3.1 is out, is there any updates on dropping the zookeeper requirement in strimzi?
3.1 is out and we support it already in the main branch. Running without ZooKeeper is still not production ready ans is missing some features. It is still work in progress, but it goes slowly (both in Strimzi as well as in Kafka).
Is it possible to run regular Kafka (no Kraft) without zookeeper, using a similar approach as patroni does to store leader information in k8s objects? https://patroni.readthedocs.io/en/latest/kubernetes.html
No. And judging by the link you shared, I think Kafka's use of ZooKeeper is significantly more complex than this.

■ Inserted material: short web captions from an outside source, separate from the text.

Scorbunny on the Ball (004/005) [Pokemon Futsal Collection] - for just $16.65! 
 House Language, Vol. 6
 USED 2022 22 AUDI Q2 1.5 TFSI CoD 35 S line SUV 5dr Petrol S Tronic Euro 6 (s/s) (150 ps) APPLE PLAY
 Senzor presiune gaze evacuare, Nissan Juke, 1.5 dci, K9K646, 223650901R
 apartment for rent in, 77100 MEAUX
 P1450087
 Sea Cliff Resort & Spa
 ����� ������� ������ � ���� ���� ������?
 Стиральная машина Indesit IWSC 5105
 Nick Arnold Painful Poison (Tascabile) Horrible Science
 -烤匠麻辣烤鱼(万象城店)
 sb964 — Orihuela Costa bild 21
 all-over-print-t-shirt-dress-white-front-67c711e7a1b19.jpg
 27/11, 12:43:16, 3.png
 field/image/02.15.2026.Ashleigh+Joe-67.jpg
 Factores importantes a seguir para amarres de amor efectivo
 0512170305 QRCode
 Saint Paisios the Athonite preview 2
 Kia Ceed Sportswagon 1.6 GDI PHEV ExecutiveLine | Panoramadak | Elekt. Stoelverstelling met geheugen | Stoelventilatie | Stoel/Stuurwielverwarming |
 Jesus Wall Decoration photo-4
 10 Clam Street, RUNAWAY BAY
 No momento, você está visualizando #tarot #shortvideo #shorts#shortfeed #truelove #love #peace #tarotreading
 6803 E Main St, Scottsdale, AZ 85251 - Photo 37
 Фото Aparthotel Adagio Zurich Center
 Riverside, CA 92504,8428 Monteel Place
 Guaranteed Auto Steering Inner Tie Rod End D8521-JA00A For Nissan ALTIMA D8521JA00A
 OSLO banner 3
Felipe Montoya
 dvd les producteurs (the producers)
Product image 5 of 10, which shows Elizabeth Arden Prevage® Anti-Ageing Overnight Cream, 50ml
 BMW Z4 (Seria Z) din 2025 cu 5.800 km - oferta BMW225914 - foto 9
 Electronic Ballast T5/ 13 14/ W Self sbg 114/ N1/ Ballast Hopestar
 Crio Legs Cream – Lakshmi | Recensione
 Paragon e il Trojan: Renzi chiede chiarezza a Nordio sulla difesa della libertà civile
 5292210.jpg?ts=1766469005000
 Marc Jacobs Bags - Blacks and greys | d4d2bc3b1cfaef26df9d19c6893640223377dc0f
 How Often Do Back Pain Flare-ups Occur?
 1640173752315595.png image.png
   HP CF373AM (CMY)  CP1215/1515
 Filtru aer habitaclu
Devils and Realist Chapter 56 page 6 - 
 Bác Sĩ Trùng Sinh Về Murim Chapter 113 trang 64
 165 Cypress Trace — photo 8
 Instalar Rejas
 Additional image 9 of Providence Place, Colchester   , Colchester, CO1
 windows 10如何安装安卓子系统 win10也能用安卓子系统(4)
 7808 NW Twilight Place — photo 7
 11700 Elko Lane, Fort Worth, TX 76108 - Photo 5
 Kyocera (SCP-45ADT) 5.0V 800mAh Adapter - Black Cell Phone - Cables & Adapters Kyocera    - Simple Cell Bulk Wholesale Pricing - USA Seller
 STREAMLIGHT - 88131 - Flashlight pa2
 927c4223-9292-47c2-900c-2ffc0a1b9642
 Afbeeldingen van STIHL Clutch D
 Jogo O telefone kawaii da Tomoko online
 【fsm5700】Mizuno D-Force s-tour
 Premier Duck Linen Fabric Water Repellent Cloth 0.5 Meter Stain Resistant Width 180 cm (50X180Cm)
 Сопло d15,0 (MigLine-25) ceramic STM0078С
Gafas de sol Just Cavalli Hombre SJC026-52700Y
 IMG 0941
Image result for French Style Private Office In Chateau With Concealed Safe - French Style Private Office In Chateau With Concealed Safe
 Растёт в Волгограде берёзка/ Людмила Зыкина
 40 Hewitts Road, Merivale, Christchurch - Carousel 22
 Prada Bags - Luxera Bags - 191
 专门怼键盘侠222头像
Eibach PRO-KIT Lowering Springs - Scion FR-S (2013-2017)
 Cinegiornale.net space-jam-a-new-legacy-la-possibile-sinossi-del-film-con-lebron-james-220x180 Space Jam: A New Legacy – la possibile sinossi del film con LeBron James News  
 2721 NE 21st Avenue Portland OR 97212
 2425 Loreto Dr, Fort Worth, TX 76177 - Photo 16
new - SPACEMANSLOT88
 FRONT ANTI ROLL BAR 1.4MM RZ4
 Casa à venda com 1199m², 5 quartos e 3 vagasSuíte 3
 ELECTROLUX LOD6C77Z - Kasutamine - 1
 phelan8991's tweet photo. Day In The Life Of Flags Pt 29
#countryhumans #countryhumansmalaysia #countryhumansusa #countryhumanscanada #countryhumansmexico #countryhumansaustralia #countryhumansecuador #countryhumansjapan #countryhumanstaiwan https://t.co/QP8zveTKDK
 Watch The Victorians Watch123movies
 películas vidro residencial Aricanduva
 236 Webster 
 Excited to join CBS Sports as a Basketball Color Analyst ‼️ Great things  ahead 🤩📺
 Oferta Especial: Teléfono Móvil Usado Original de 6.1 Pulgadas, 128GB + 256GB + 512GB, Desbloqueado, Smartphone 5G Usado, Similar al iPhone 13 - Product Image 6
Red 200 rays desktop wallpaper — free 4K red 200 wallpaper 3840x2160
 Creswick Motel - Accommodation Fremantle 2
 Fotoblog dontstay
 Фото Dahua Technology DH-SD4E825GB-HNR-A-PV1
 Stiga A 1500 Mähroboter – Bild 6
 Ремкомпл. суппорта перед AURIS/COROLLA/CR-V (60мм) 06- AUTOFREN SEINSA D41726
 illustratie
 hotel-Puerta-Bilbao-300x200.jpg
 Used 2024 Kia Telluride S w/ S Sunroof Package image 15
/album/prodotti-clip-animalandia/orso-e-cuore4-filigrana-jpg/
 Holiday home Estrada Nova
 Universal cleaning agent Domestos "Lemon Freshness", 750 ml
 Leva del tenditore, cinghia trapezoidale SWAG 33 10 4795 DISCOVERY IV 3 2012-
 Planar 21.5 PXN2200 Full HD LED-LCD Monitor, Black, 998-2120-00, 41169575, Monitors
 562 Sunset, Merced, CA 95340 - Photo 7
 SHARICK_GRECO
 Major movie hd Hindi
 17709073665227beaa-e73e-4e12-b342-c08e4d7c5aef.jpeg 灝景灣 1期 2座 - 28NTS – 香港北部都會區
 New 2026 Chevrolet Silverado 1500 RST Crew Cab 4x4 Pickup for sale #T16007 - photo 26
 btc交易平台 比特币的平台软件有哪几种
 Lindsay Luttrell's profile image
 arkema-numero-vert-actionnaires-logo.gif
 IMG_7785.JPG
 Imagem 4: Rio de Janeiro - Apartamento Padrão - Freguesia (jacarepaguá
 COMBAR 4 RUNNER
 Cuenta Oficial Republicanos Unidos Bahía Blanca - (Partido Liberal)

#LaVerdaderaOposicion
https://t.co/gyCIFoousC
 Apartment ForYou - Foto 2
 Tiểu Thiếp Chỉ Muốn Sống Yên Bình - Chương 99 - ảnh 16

I see, thanks for the answer.
So there is basically no other possibility, it is either Kraft or zookeeper. No possibility to use other distributed data stores like etcd, consul, postgres, etc. As of 2022 at least
I see, thanks for the answer.
So there is basically no other possibility, it is either Kraft or zookeeper. No possibility to use other distributed data stores like etcd, consul, postgres, etc. As of 2022 at least
Per my understand, kraft embed an etcd inside. (Not 100% sure)
kraft embed an etcd inside
if that was true, then if the kafka team allows for the etcd to become "externalized" then HA can be achieved also with less then 3 members
I've been playing around with strimzi and various managed kafka services and I noticed ZooKeeper is a major obstacle for most of the functionality to be successful - something that most managed kafka services don't expose...
So I was looking around the repo to see how ZooKeeper is used and why, from what I understand the only usage is for "watching" configuration changes.
Can this be implemented without ZooKeeper? (maybe using kafka binaries and polling?)
And in a broader scope, is there any other reasons for requiring ZooKeeper?